Love is kind, actively looking for ways to demonstrate kindness by showing oneself useful, pleasant and benevolent. Love eagerly looks for ways to be of service to others, and maintains always a pleasant disposition.

Love does not envy what others have or do, nor does love boil with rage or anger as a result.

Love does not boast, or parade itself in a way that seeks to bring attention to one’s self. Love does not vaunt itself in a way that overreacts when slighted. Love is not puffed up with pride, but is willing to admit when wrong, accept correction, listen attentively to others and not pretend to know it all.

Love does not behave rudely or act unbecomingly in ways that hurt or offend others. Love always considers others feelings before speaking or acting.

Love does not seek its own interests or insist on its own way. Love does not strive after or intently pursue one’s own desires, projects or purposes in ways that do not allow for interruptions by the needs or desires of others.

Love does not demand what it wants from others, but instead is always willing to give and yield.

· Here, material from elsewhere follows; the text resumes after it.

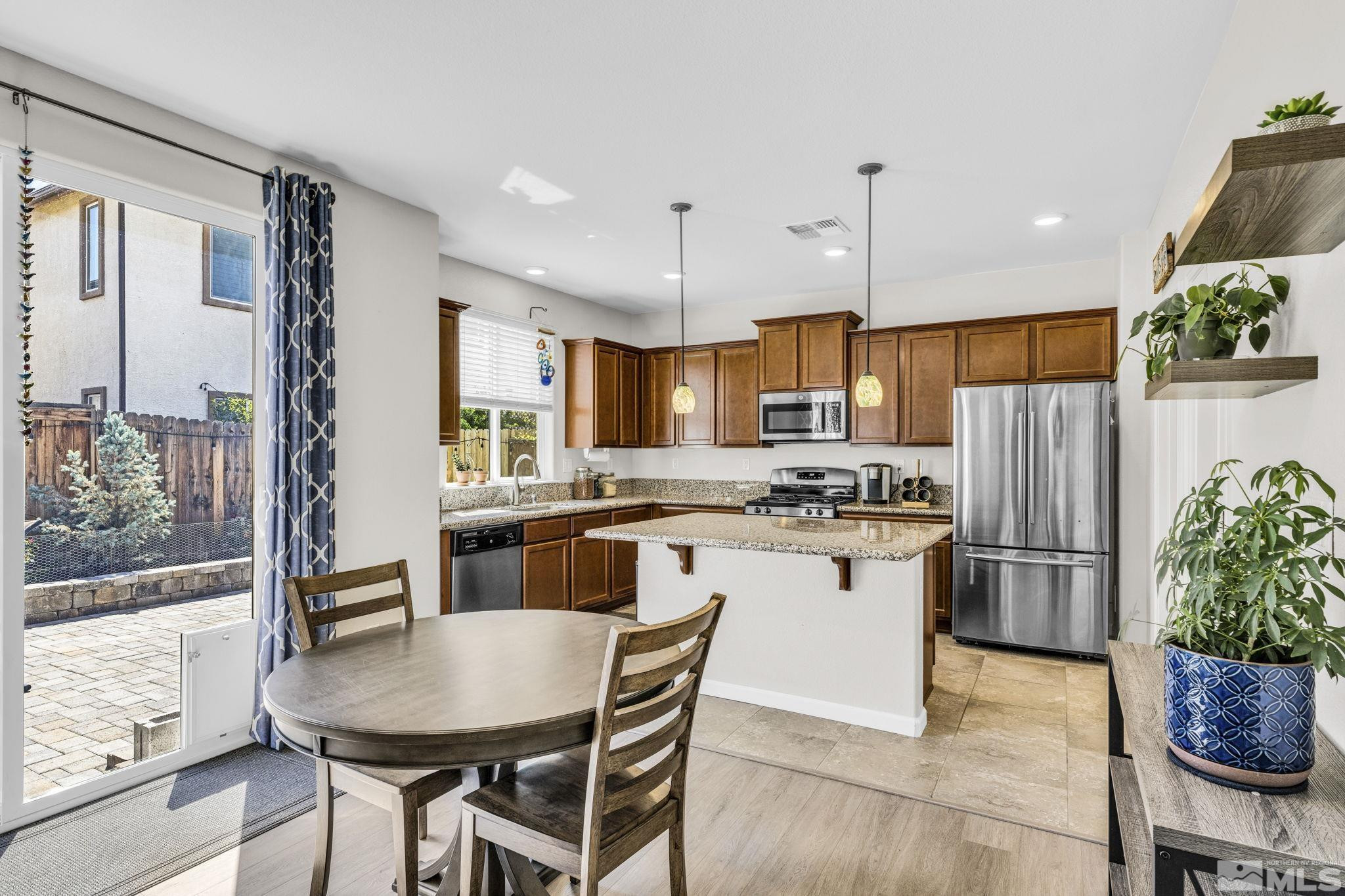 2215 Symphony Way Reno, NV 89521 - Photo 6 of 39 a kitchen with refrigerator and cabinets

Love is not easily provoked, nor does love maintain an irritable disposition of being exasperated and annoyed with those around him.

Love does not keep a record of wrongs, counting up reasons for feeling justified in being offended and meditating on the wrongs done against him.

Love does not rejoice in evil, but rejoices with the truth.

Love bears all things, without speaking of what one has to bear. It endures without divulging personal distress. Love protects those around him by covering over the errors and faults of others, all the while containing himself in silence from giving vent to what selfishness would prompt under personal hardship.

Love unsuspiciously believes the best of others and their intentions. Wisdom also dwells with love, and charity can also be cautious, but still is apt to believe the best of all.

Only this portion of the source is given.